Determining the vertices of a polytopic Yalmip constraint set

[Marc Wijnand]

After some calculations, I obtained a Yalmip constraint set that is in fact a polytope and I want to know the coordinates of its vertices. Using the 'Data cursor' in the Figure window, I can inspect the values and manually enter them in a matrix. How can I do this in an automatic way?

x = sdpvar(2,1);

X = [-1<=x<=1];

plot(X,x)

   xlim([-2 2])

   ylim([-2 2])

[Johan Löfberg]

You have to convert to a mpt object

[Marc Wijnand]

If you know the matrices A,b in Ax<=b (such as in the MWE above), it is straightforward to use an MPT Polyhedron. However, I have situations where a yalmip constraint set appears to be polytopic, but I don't have the matrices.

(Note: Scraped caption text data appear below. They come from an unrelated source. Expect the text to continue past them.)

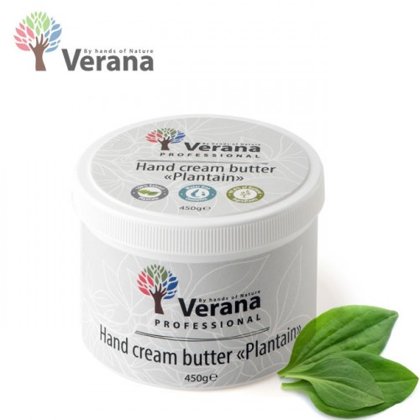 Ceļmallapa sviestkrēms rokām Verana Plantain, 450g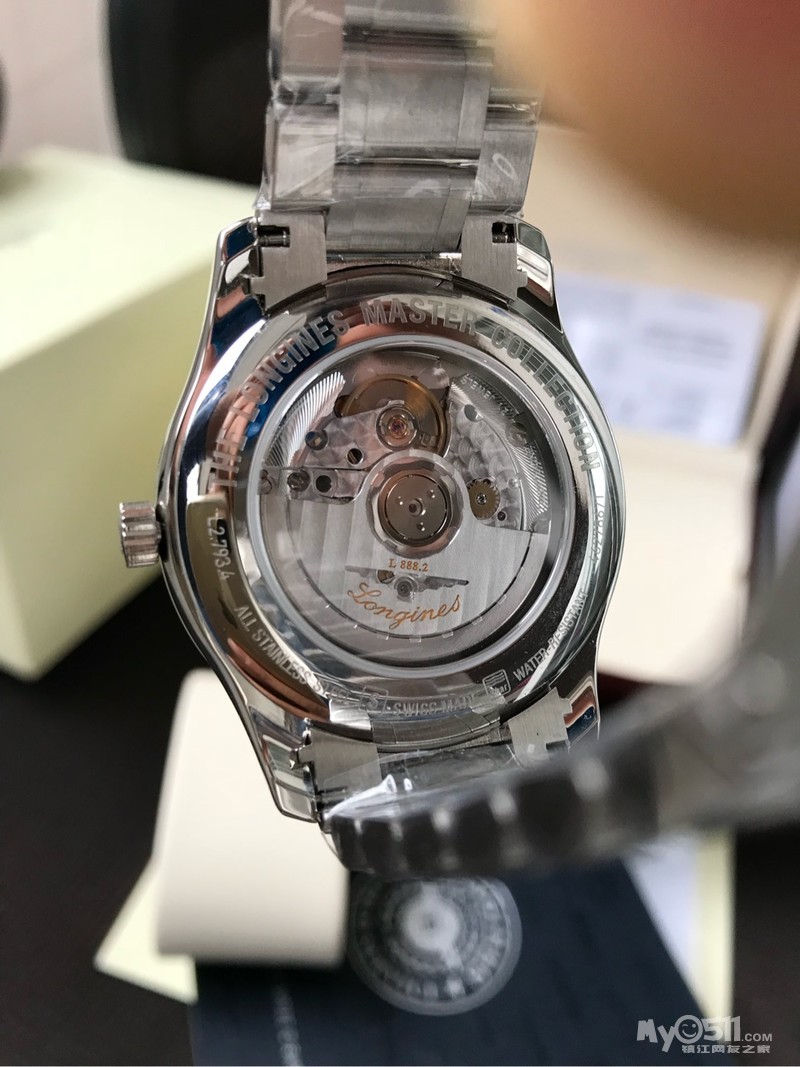 03 浪琴l2.793.4名匠带钻男士机械腕表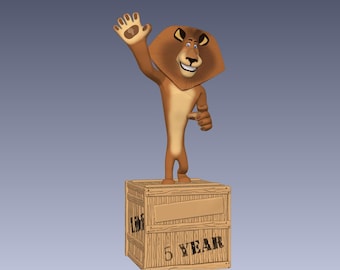 Lion 3D print STL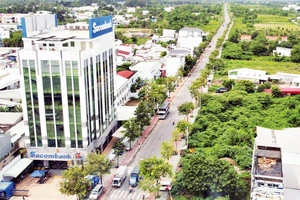 Tuyến số 1 đường nội ô, thành phố Trà Vinh đã hoàn thành và đưa vào sử dụng từ năm 2018. 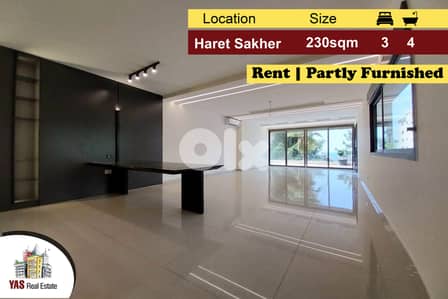 Haret Sakher 230m2 | 180m2 Terrace/Garden | Rent | Partly Furnished|IV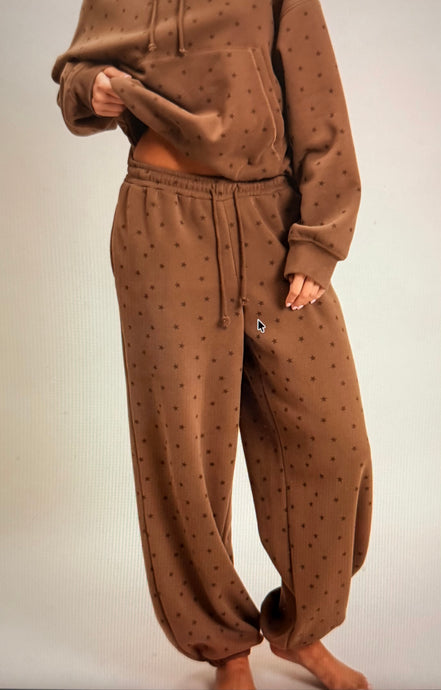 Star Print Elastic jogger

My problem is whether it is possible to determine the vertices of such a yalmip set.

[Johan Löfberg]

The only thing you can do is to extract the points on the inner approximation of the feasible set that YALMIP computed

W =plot(...)

[Marc Wijnand]

This works.

x = sdpvar(2,1);

X = [-1<=x<=1];

%plot(X,x)

%   xlim([-2 2])

%   ylim([-2 2])

%hold on

pointlist = plot(X,x);

pointlist = cell2mat(pointlist);

pointlist = (unique(pointlist','rows','stable'))'

pointlist = [pointlist pointlist(:,1)] %close figure

%plot(pointlist(1,:),pointlist(2,:))

[Marc Wijnand]

BTW, this is also the way to 'convert' a nonpolytopic yalmip constraint set to a polytope: extract the vertices via the plot command and define an MPT Polytope with them.